- [What you will do]:
If an entry holds a picture, leave the picture out and output everything else exactly.

- [Data provided]:

== Segment start ==

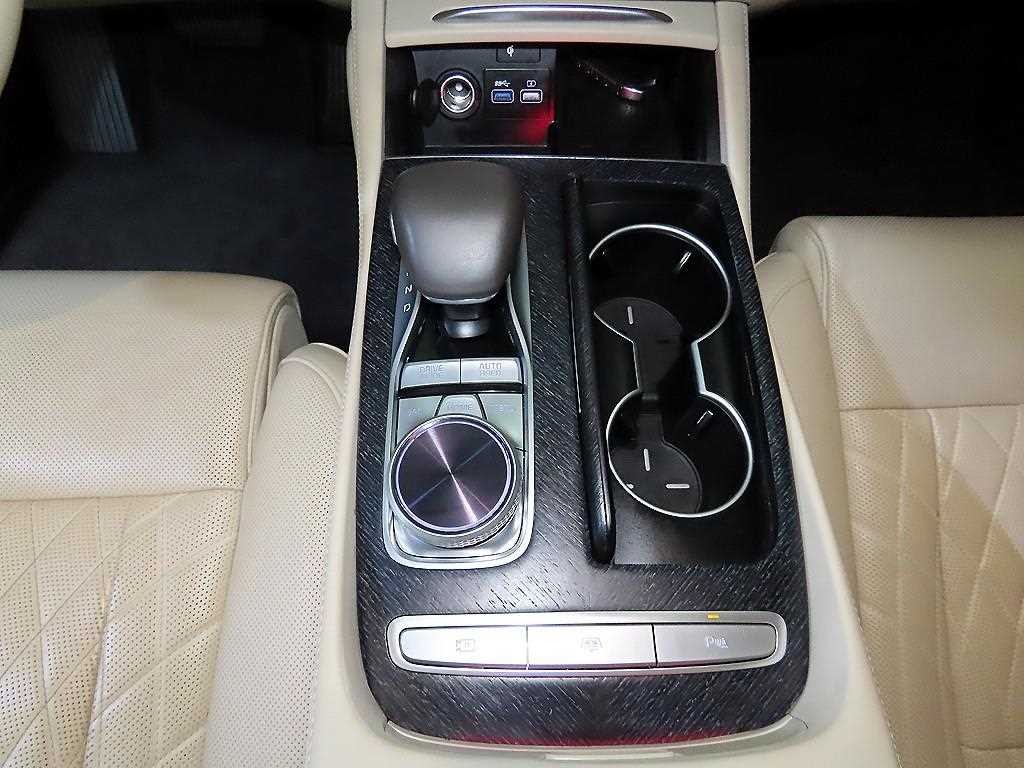 기아 K9 더 뉴 K9 2세대 3.3 T-GDI AWD 마스터즈 이미지 12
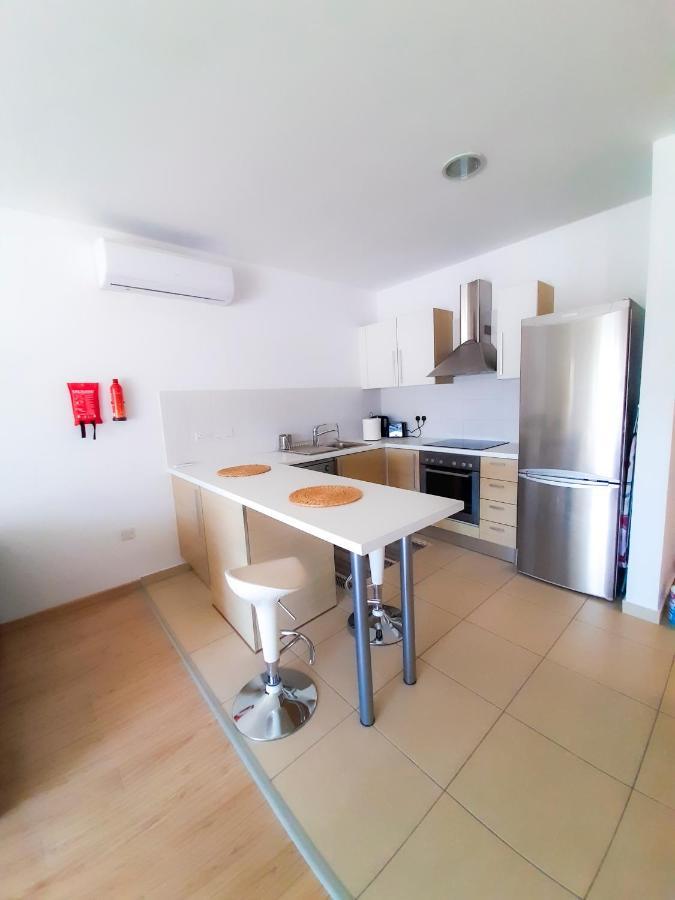 Eden Sea Breeze, 1 Bed, Rooftop Pool, Gym Лимасол Екстериор снимка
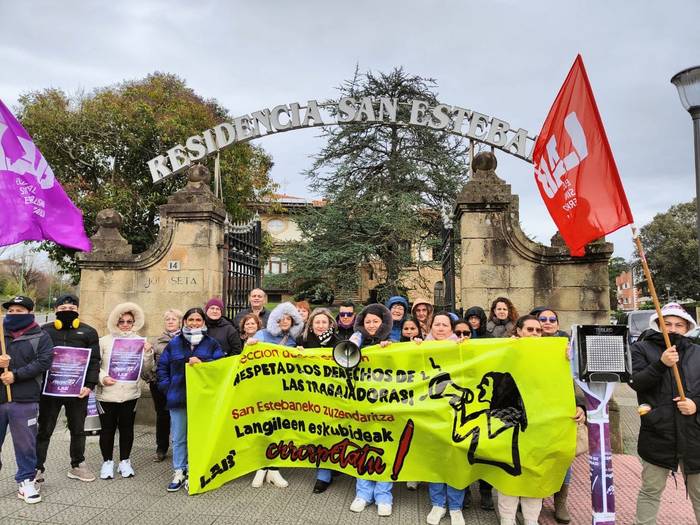 Getxoko San Esteban egoitzako langileek mobilizazioak iragarri dituzte lan-eskubideen urraketak salatzeko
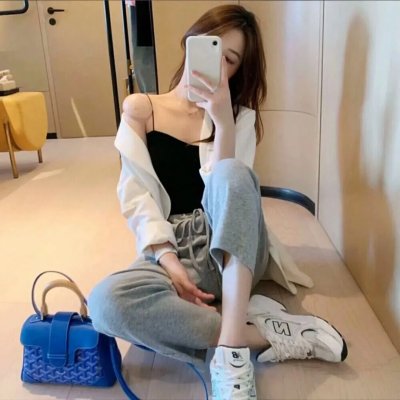 酷爱电影的庞波小姐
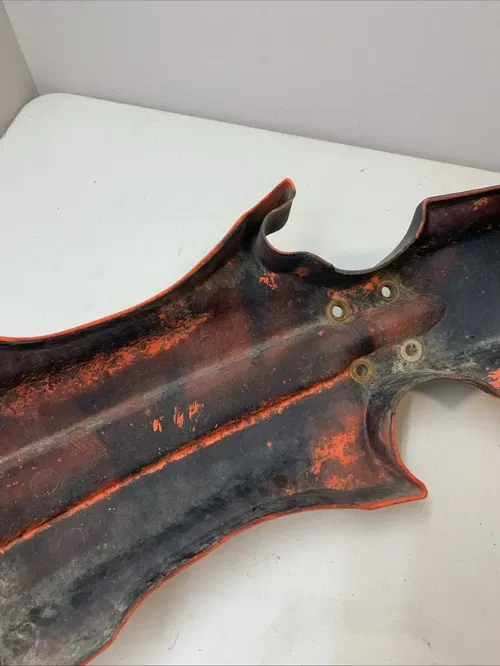 1984 Honda XR500r OEM Front Fender Plastic ORIGINAL Front Fender xr500r XR 500r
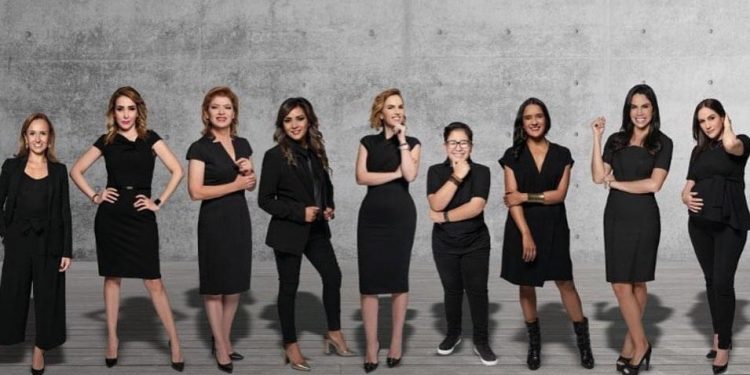 Y qué, ¿ustedes tienen madre?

== Segment end ==

- [The answer]:
 기아 K9 더 뉴 K9 2세대 3.3 T-GDI AWD 마스터즈 이미지 12
 Eden Sea Breeze, 1 Bed, Rooftop Pool, Gym Лимасол Екстериор снимка
 Getxoko San Esteban egoitzako langileek mobilizazioak iragarri dituzte lan-eskubideen urraketak salatzeko
 酷爱电影的庞波小姐
 1984 Honda XR500r OEM Front Fender Plastic ORIGINAL Front Fender xr500r XR 500r
 Y qué, ¿ustedes tienen madre?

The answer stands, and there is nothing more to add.